What is your perspective on the state of the country's stock market compared to those of neighbouring countries?
Last year, the stock market performed very well, with the All Share Index (ALSI) growing by over 30 percent, indicating strong stock value growth. Notable performers included MTN, Umeme, and several banks. In comparison to other East African markets, our stock market ranked second in performance.
However, this year, we anticipate the delisting of Umeme, which may impact market turnover.
Despite this, we remain optimistic that overall stock market performance will not be significantly affected, as we expect continued capital gains from well-performing companies and a stable economy.
Inflation remains a concern, especially during election years when market liquidity tends to increase, potentially triggering inflation. However, the Central Bank has effective tools, such as adjusting the Central Bank Rate (CBR), to manage inflation by tightening liquidity and making borrowing more expensive.
With the recent listing of MTN and Airtel on the stock exchange, many Ugandans may be hesitant to invest in stocks. What are your thoughts?
Ugandans need to look at the portfolio. You know the adage: Do not put all your eggs in one basket! So, most Ugandans, when they think about investment, think about land. When they want to become sophisticated, they go into bonds, but there are several companies offering unit trusts, which might also be a bond in the background or an equity in the background.

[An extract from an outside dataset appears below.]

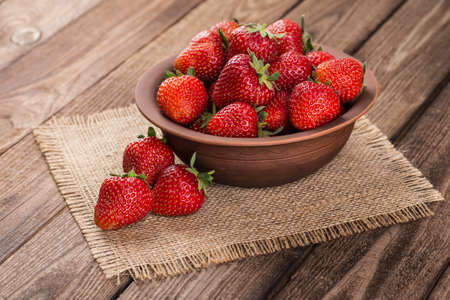 Ripe red strawberries on wooden tableの写真素材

Then, equity becomes another opportunity. If then you got your portfolio, you have been able to build as a person; it is good to build real estate (a house or rentals); the other thing you would like to have is a little bit of equities—which equities give you long-term growth and also protect you against inflation because these are companies that are doing business—they can increase their prices, and therefore their returns to their shareholders increase through dividends and also through capital appreciation.
For any Ugandan, start on your investment journey. Look at it as if you are building your portfolio not only with real estate but also including equities because it gives you something else. It also includes bonds because it gives you a little bit of liquidity, but it also gives you a little bit of regular cash, especially if you are in a place where you are not getting regular cash.
If you have your real estate for the long haul and inflation, have your equities for the capital appreciation of the companies that are working for you, and have a little bit of bonds so that you can get cash because it comes if you are getting what we call coupons, they come twice a year, and therefore, if you have good maturity of bonds, you can have cash throughout the year to support you.
What are your final remarks regarding investment and this being an election year?
To the investor, do not put all your eggs in one basket. Real estate is great, but diversify: Get a bit of bonds and equity in your portfolio. In an election year, there is a possibility and high risk of inflation. Therefore, you don’t want to have a lot of your money in the bond because it is directly hit by inflation. You would like to put some of your money in equity and real estate to cover yourself.